Заспорив из-за раздела добычи, наемники и воины из отрядов сеньоров-крестоносцев поджигают город «вместе с собором, построенным мастером Гервазием, каковой собор от огня и великого жара с грохотом разломился пополам и развалился на две части». Крестоносцы с развевающимися на ветру значками движутся под стены тридцатибашенного Каркасона, где засел виконт Роже.
Нынешний город, реконструированный Виолле-ле-Дюком{168}, дает слабое представление о том, какова была эта опоясанная двойной стеной крепость. Первое, что бросается в глаза туристу, — чрезвычайно узкое пространство, стиснутое стенами (около десяти тысяч квадратных метров). В августе 1209 года город стал убежищем нескольких десятков тысяч человек, не считая скота и лошадей. Тем не менее сражались защитники с ожесточением, а молодой Раймунд Роже проявил талант и удаль опытного полководца. Союзником крестоносцев становится жаркое лето. Над Каркасоном висят тучи черных мух и смрад эпидемии. Отсутствие воды заставило каркасонцев после двух недель осады капитулировать.

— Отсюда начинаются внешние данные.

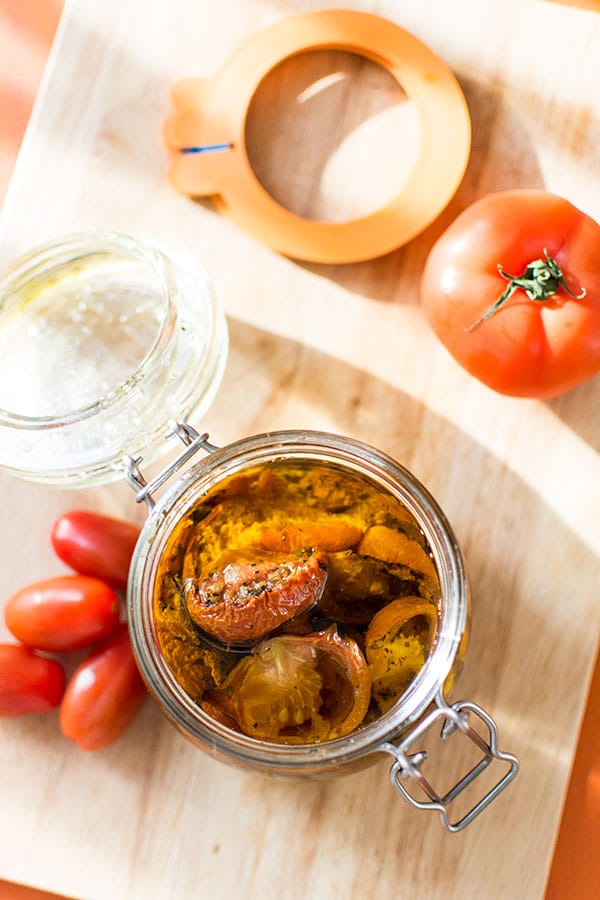 Réussir à faire des tomates séchées maison - Cuisinons En Couleurs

Последующие события вызывают споры ученых, а свидетельства их участников Гильома де Тюделя и Гильома де Пюилорана полны недомолвок и не дают окончательного объяснения произошедшему. Между Раймундом Роже и крестоносцами не было подписано никакого договора, более того, вопреки всем правилам рыцарской чести виконта ввергают в узилище, и вскоре он умирает от дизентерии. Папский легат упорно настаивает на избрании среди французских сеньоров-крестоносцев преемника виконта, что в корне противоречит феодальному праву, тем паче что жив четырехлетний сын Раймунда Роже. Французские сеньоры и графы великодушно отказываются принять титул и наследие трагически умершего виконта. «Не было средь них никого, кто бы не понимал, что утратит честь, приняв эти земли», — пишет Гильом де Тюдель.

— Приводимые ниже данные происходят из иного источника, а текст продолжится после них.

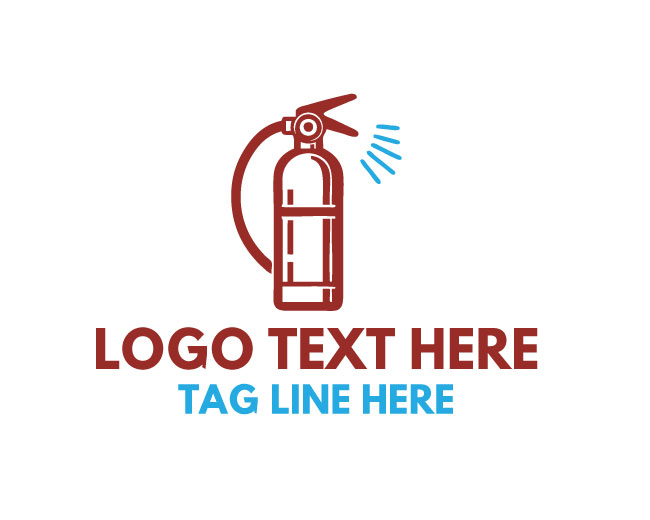 Fire Extinguisher Response Logo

И тут на сцену выходит человек, чья черная тень на многие годы легла на Прованс и Лангедок. Звали его Симон де Монфор, и он долго оставался в памяти людей как воплощение полководца, который с горсткой преданных воинов способен низвергать империи. Этот прототип конквистадора, фанатик, умственный горизонт которого ограничен забралом шлема, человек твердой руки, честолюбивый и энергичный, обладающий незаурядным полководческим талантом, оказался идеальным кандидатом на титул виконта Каркасона и Безье. К тому же он прославился в IV крестовом походе и был непосредственным вассалом короля Франции.

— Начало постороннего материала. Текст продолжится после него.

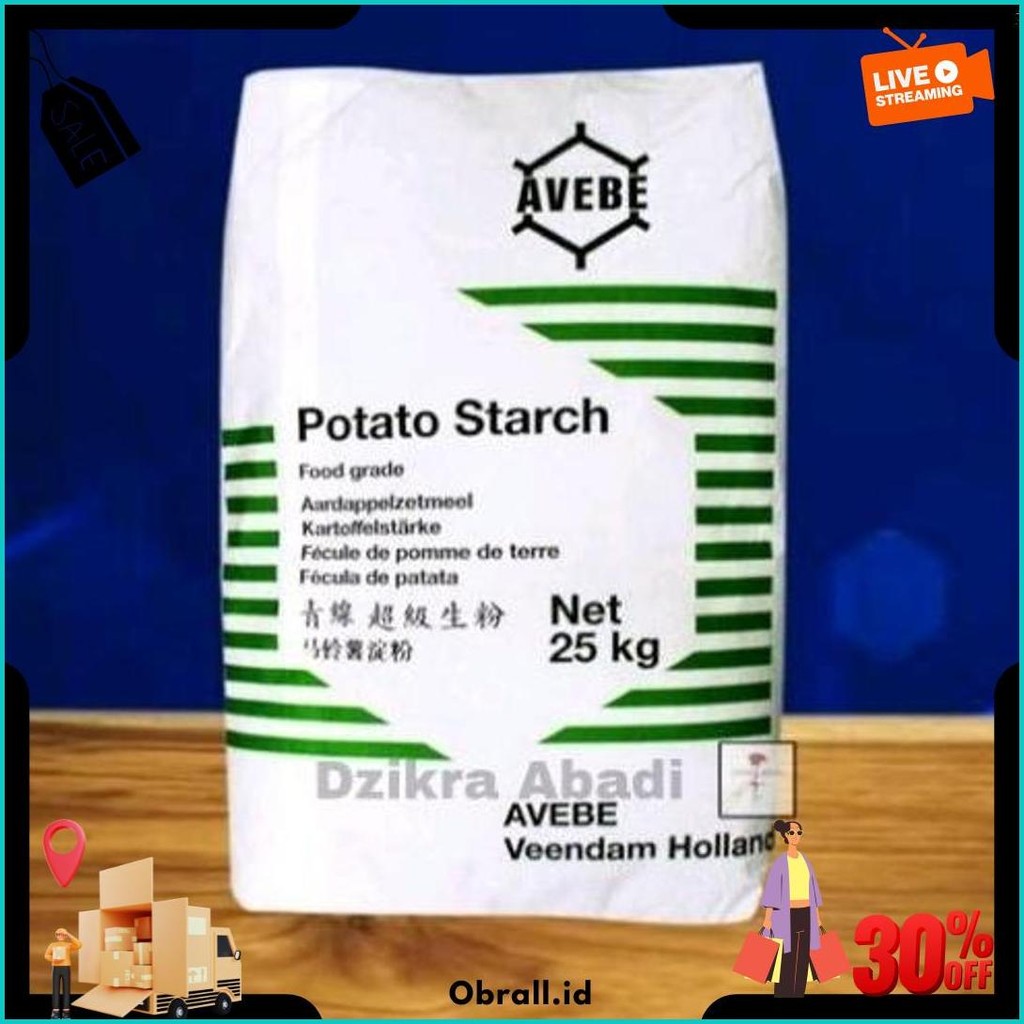 

Tepung Kentang Potato Starch Ex Holland 1 Kg Termurah Banget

Падение Каркасона распахнуло перед Монфором ворота многих замков, однако кончились сорок дней, в продолжение которых крестоносцы поклялись сражаться с еретиками, и воины вернулись на Север. С Монфором осталась горстка из двадцати шести рыцарей. Разумеется, все восемь лет неустанных сражений «лев крестовых походов» получал подкрепления. Страна была парализована страхом, но не завоевана.
В июне 1210 года Монфор осаждает Минерву, город, расположенный между Каркасоном и Безье в пустынной местности среди глубоких обрывистых ущелий. Крепость отважно обороняется, но осадная машина разрушает механизм, снабжающий замок водой, и защитники вынуждены вступить в переговоры. В соответствии с существовавшими правилами стороны договариваются, что еретики, которые попадут в руки к крестоносцам и отрекутся от своей веры, будут помилованы. Один из капитанов Монфора, Робер де Мовуазен, протестует. Он пришел сюда уничтожать ересь, а не миловать. Легат Арнаут Амаури успокаивает его: «Не бойтесь, мессир, таких, кто отречется, найдется немного». Так и было. На первом большом костре в сдавшемся городе были сожжены сто пятьдесят мужчин и женщин, которые, как меланхолично замечает бенедиктинец Дон Вессет, «погибли с отвагой, достойной лучшего применения».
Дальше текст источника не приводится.